BEGIN Provided material

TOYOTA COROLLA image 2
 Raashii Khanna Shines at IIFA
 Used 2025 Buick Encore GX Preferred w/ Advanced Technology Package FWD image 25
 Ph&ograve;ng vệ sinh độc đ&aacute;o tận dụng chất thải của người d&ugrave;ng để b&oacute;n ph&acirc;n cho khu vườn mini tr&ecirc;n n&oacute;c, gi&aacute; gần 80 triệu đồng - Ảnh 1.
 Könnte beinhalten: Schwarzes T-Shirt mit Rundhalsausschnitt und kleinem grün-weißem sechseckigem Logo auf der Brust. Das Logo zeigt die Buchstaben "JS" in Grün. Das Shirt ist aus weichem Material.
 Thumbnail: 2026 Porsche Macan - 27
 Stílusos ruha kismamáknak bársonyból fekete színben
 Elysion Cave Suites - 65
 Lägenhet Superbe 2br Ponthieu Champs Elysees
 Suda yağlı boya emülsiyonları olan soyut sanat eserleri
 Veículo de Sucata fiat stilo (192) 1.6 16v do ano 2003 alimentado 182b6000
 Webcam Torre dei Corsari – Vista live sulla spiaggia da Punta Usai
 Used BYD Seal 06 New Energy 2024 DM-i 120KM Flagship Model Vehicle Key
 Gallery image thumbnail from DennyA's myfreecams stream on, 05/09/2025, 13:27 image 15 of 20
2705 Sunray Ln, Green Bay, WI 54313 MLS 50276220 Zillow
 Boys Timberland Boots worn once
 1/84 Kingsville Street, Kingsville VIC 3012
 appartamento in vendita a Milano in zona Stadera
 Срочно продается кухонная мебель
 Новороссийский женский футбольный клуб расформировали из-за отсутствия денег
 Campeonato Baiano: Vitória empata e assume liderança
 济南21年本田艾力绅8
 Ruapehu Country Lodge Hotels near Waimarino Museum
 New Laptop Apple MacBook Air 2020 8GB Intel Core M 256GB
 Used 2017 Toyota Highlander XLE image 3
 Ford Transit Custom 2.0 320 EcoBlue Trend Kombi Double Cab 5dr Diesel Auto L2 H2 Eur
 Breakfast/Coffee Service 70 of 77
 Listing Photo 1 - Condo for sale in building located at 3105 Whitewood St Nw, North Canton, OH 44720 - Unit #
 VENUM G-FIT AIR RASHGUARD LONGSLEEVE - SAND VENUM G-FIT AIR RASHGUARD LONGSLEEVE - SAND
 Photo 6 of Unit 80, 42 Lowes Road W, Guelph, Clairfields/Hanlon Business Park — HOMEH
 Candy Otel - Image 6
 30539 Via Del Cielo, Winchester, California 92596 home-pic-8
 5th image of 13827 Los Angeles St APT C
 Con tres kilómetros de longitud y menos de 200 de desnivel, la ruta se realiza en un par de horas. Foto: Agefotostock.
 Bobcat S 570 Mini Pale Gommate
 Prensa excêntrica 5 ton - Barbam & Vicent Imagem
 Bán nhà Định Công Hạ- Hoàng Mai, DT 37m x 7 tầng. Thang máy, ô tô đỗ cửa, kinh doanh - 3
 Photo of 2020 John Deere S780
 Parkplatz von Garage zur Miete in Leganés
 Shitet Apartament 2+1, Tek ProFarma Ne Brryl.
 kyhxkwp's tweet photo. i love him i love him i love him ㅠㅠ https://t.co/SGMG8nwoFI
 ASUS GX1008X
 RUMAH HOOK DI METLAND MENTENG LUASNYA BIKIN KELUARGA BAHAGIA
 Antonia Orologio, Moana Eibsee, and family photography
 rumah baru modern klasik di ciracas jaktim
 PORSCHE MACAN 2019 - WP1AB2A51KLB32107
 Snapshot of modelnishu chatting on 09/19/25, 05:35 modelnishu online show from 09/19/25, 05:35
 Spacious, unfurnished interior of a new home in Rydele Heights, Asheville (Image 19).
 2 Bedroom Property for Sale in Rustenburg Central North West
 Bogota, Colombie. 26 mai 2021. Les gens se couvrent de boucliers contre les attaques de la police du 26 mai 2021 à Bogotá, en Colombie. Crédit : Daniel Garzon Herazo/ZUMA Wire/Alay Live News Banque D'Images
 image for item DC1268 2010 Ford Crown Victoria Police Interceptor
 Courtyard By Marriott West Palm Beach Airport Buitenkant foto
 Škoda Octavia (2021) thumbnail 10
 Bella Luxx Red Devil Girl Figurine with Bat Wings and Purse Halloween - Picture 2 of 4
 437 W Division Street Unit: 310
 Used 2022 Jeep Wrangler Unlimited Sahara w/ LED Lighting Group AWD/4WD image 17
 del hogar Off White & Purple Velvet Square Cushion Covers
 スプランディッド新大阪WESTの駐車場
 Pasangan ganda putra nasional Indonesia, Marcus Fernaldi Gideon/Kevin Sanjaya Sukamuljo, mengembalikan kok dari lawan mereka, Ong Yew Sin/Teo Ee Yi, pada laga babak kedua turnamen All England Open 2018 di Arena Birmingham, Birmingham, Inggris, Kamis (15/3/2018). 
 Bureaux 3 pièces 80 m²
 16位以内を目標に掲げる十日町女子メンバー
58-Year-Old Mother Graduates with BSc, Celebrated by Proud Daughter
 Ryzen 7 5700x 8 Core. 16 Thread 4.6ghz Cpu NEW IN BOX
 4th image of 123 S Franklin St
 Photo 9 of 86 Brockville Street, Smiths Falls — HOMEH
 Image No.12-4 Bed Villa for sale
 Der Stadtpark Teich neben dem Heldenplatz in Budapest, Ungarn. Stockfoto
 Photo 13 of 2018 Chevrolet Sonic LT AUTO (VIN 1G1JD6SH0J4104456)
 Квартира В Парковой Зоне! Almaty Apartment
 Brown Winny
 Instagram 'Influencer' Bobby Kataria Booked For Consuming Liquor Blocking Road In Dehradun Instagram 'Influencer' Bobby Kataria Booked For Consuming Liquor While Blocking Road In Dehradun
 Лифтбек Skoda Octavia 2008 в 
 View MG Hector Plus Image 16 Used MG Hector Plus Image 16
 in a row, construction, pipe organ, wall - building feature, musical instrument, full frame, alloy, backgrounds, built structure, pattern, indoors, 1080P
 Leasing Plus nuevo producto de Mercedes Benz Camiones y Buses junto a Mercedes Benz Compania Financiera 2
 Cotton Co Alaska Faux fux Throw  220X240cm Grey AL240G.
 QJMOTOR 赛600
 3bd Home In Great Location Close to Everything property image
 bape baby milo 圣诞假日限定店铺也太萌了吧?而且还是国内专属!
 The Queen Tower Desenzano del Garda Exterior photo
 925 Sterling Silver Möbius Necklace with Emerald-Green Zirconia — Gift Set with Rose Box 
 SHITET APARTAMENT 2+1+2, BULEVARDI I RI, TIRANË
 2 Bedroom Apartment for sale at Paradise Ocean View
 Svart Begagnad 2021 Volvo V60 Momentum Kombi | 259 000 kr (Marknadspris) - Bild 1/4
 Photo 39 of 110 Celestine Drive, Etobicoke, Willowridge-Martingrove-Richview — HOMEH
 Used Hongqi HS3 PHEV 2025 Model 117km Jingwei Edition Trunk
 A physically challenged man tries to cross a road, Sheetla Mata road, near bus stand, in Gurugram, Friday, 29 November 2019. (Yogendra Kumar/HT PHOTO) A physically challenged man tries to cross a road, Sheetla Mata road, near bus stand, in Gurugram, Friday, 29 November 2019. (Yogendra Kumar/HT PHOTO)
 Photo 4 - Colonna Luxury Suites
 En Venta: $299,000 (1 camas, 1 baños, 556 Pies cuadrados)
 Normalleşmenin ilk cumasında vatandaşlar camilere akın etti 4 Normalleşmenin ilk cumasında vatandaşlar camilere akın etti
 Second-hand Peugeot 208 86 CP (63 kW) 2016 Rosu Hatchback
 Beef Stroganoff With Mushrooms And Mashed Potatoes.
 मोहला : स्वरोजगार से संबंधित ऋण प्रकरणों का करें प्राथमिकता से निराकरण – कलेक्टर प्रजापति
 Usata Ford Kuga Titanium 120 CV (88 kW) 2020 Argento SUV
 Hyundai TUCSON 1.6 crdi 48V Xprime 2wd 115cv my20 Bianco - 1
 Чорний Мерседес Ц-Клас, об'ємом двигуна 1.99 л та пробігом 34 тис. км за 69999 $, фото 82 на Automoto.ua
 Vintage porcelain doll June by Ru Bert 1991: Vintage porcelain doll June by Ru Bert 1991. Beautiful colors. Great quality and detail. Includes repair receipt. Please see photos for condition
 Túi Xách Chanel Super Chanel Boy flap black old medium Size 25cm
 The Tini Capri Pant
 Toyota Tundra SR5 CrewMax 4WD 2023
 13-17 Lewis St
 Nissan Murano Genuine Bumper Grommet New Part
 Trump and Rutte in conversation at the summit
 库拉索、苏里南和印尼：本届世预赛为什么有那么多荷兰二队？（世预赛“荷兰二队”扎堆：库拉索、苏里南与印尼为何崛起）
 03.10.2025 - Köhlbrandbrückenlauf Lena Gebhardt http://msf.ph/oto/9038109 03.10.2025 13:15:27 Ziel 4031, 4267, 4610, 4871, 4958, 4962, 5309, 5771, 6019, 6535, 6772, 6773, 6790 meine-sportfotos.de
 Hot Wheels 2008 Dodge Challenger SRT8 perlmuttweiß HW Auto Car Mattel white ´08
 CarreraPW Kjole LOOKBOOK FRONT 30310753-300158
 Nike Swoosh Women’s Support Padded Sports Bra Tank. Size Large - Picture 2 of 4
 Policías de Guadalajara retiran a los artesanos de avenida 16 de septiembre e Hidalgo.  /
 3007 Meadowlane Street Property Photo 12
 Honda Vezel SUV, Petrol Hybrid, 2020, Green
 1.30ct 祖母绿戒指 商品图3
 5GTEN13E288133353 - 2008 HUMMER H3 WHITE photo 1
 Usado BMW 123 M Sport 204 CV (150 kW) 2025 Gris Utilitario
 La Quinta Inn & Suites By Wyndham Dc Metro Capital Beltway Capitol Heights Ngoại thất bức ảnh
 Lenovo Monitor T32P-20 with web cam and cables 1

END Provided material

■ **Your instructions**
The required output is the stretch of entries above from the line containing "Used 2017 Toyota Highlander XLE image 3" through the line containing "Shitet Apartament 2+1, Tek", reproduced exactly.

■ **Result of this exercise**
 Used 2017 Toyota Highlander XLE image 3
 Ford Transit Custom 2.0 320 EcoBlue Trend Kombi Double Cab 5dr Diesel Auto L2 H2 Eur
 Breakfast/Coffee Service 70 of 77
 Listing Photo 1 - Condo for sale in building located at 3105 Whitewood St Nw, North Canton, OH 44720 - Unit #
 VENUM G-FIT AIR RASHGUARD LONGSLEEVE - SAND VENUM G-FIT AIR RASHGUARD LONGSLEEVE - SAND
 Photo 6 of Unit 80, 42 Lowes Road W, Guelph, Clairfields/Hanlon Business Park — HOMEH
 Candy Otel - Image 6
 30539 Via Del Cielo, Winchester, California 92596 home-pic-8
 5th image of 13827 Los Angeles St APT C
 Con tres kilómetros de longitud y menos de 200 de desnivel, la ruta se realiza en un par de horas. Foto: Agefotostock.
 Bobcat S 570 Mini Pale Gommate
 Prensa excêntrica 5 ton - Barbam & Vicent Imagem
 Bán nhà Định Công Hạ- Hoàng Mai, DT 37m x 7 tầng. Thang máy, ô tô đỗ cửa, kinh doanh - 3
 Photo of 2020 John Deere S780
 Parkplatz von Garage zur Miete in Leganés
 Shitet Apartament 2+1, Tek ProFarma Ne Brryl.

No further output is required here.